(Data records)

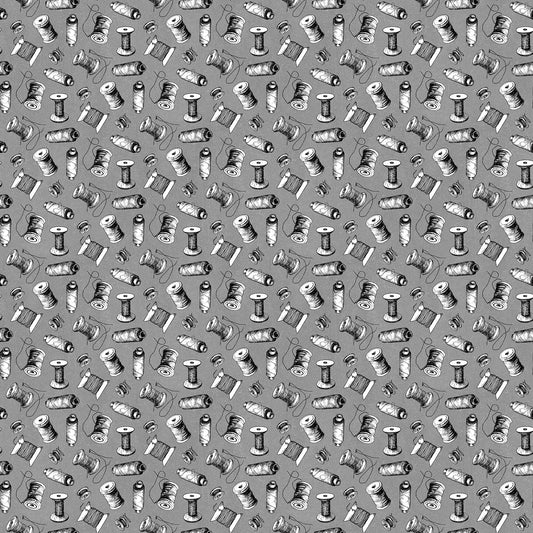 Sewing is my Happy Place by Nina Djuric Spools Grey/Black 24220-94 Cotton Woven Fabric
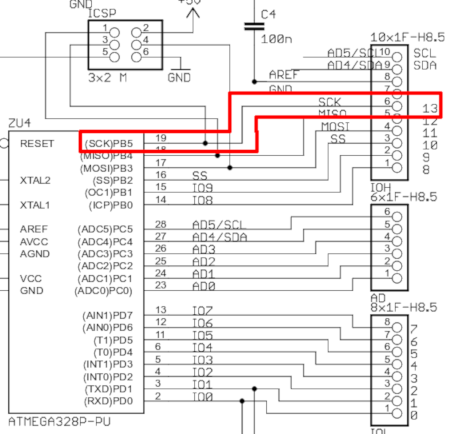 pin13 to pb5 from schematic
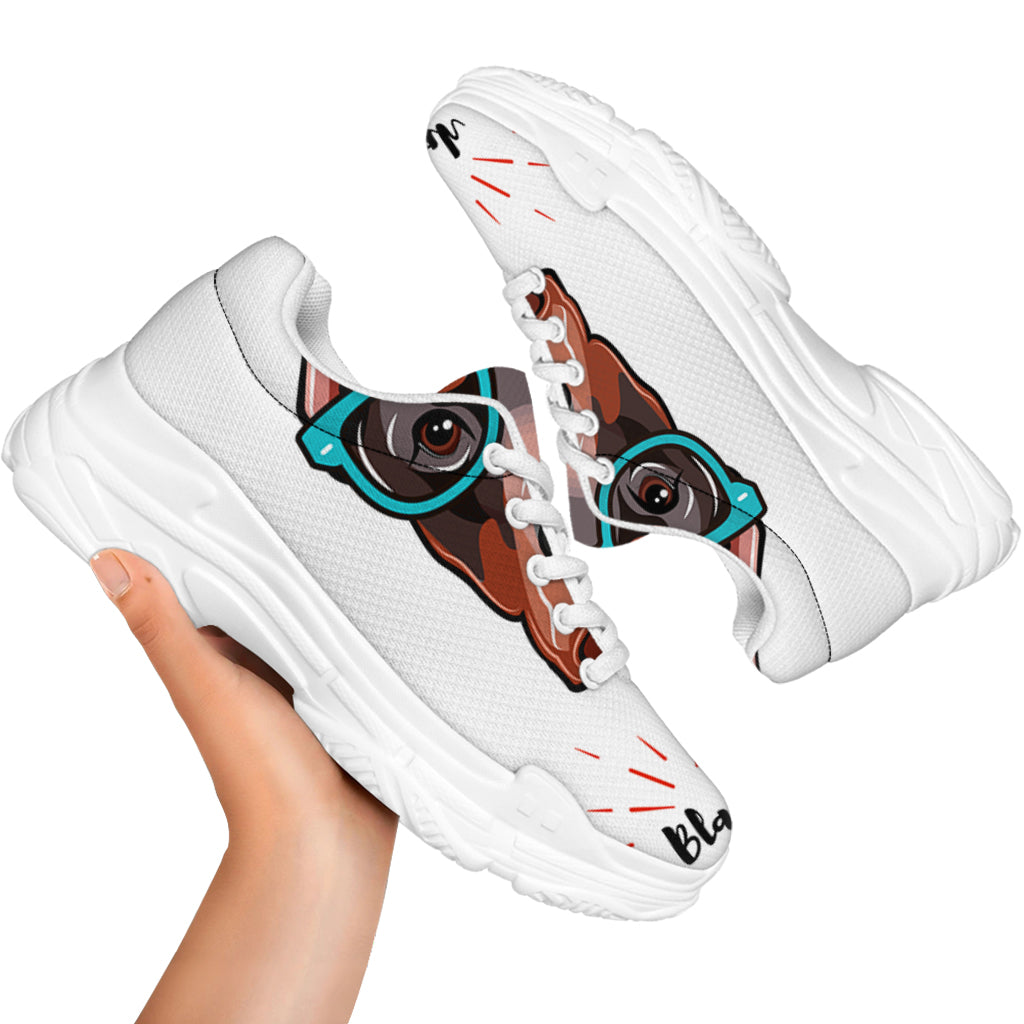 Dobermann With Glasses Print White Chunky Shoes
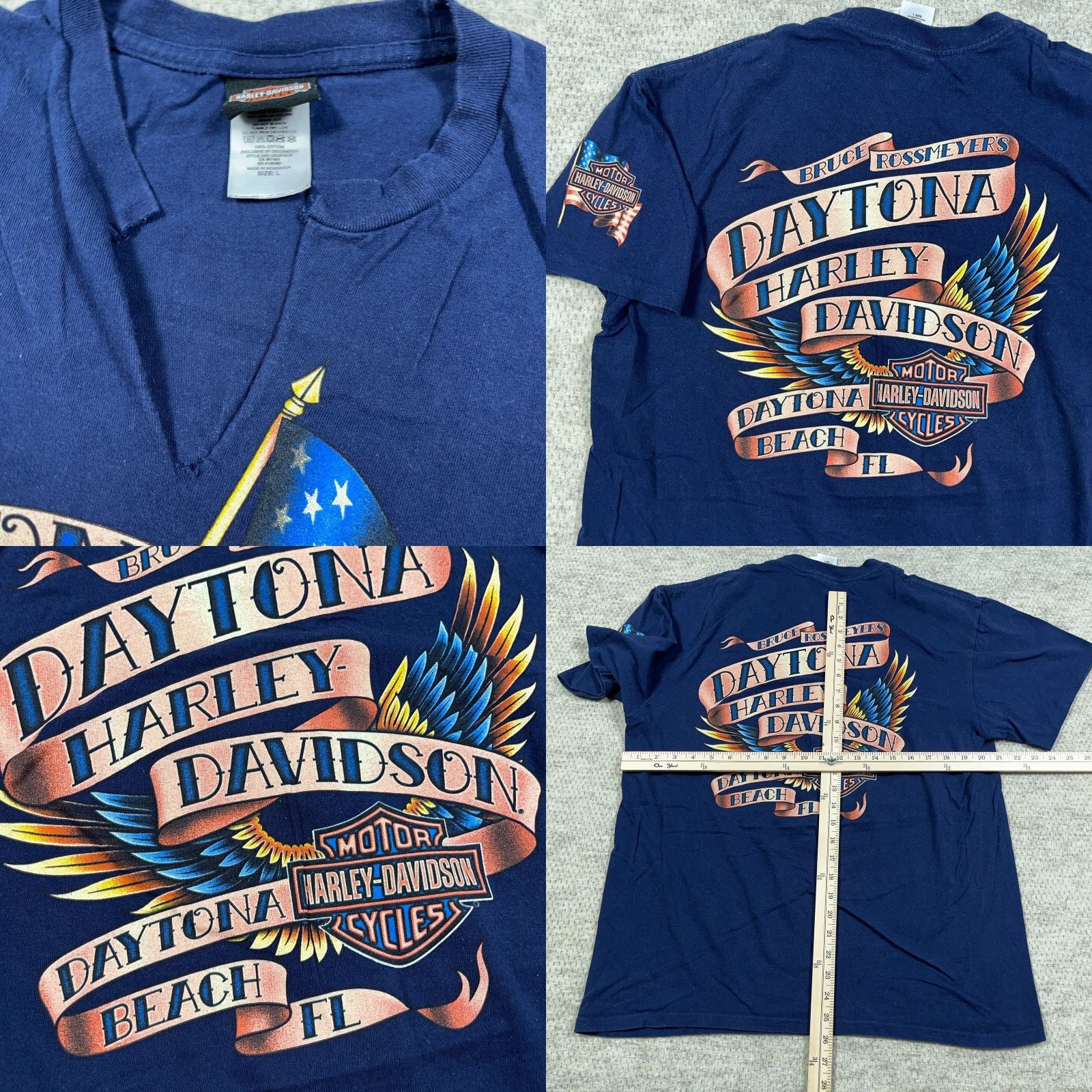 Harley Davidson Harley-Davidson Shirt Men L Blue Bike Week Daytona Tee Tattoo Eagle Biker 80s Grunge Retro Skull Graphic Print T-Shirt Mens Size US L / EU 52-54 / 3 - 8 Thumbnail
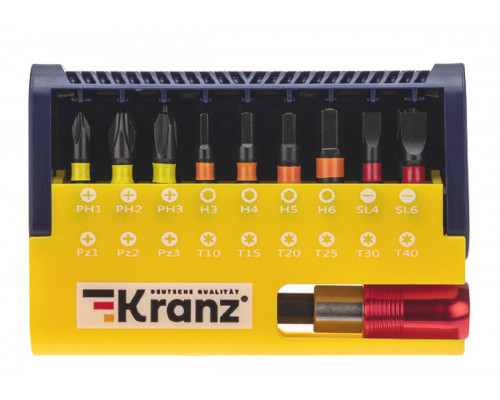 Набор бит Kranz KR-92-0465 с магнитным держателем, пластиковый кейс, 19 шт.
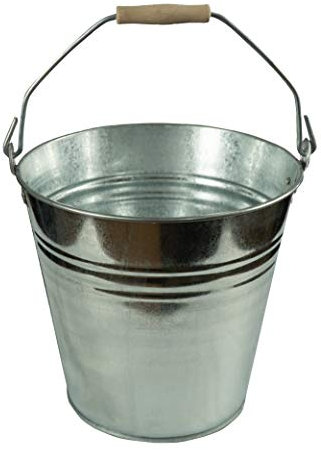 HRB Zinkeimer, hochwertig 12 Liter mit Holzgriff, Ascheeimer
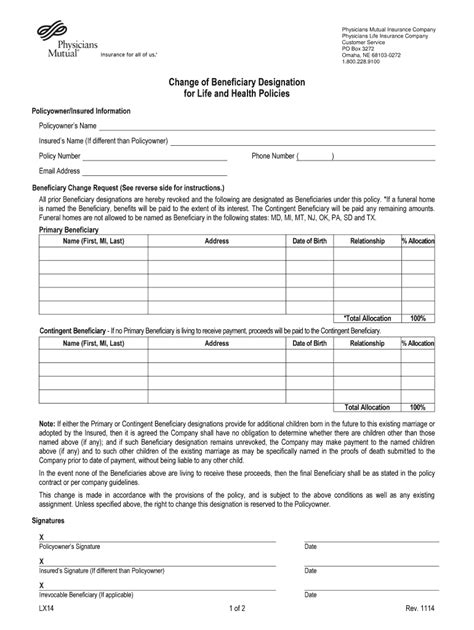 Designation Of Beneficiary Fill Out And Sign Printable Pdf Template Images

**WHAT YOU SHOULD DO**
Could you transcribe exactly the lines from the line containing "Dobermann With Glasses" through the final line of the records, both included, and nothing beyond them? The pictures should be left out.

**SOLUTION FOR THIS PROBLEM**
 Dobermann With Glasses Print White Chunky Shoes
 Harley Davidson Harley-Davidson Shirt Men L Blue Bike Week Daytona Tee Tattoo Eagle Biker 80s Grunge Retro Skull Graphic Print T-Shirt Mens Size US L / EU 52-54 / 3 - 8 Thumbnail
 Набор бит Kranz KR-92-0465 с магнитным держателем, пластиковый кейс, 19 шт.
 HRB Zinkeimer, hochwertig 12 Liter mit Holzgriff, Ascheeimer
 Designation Of Beneficiary Fill Out And Sign Printable Pdf Template Images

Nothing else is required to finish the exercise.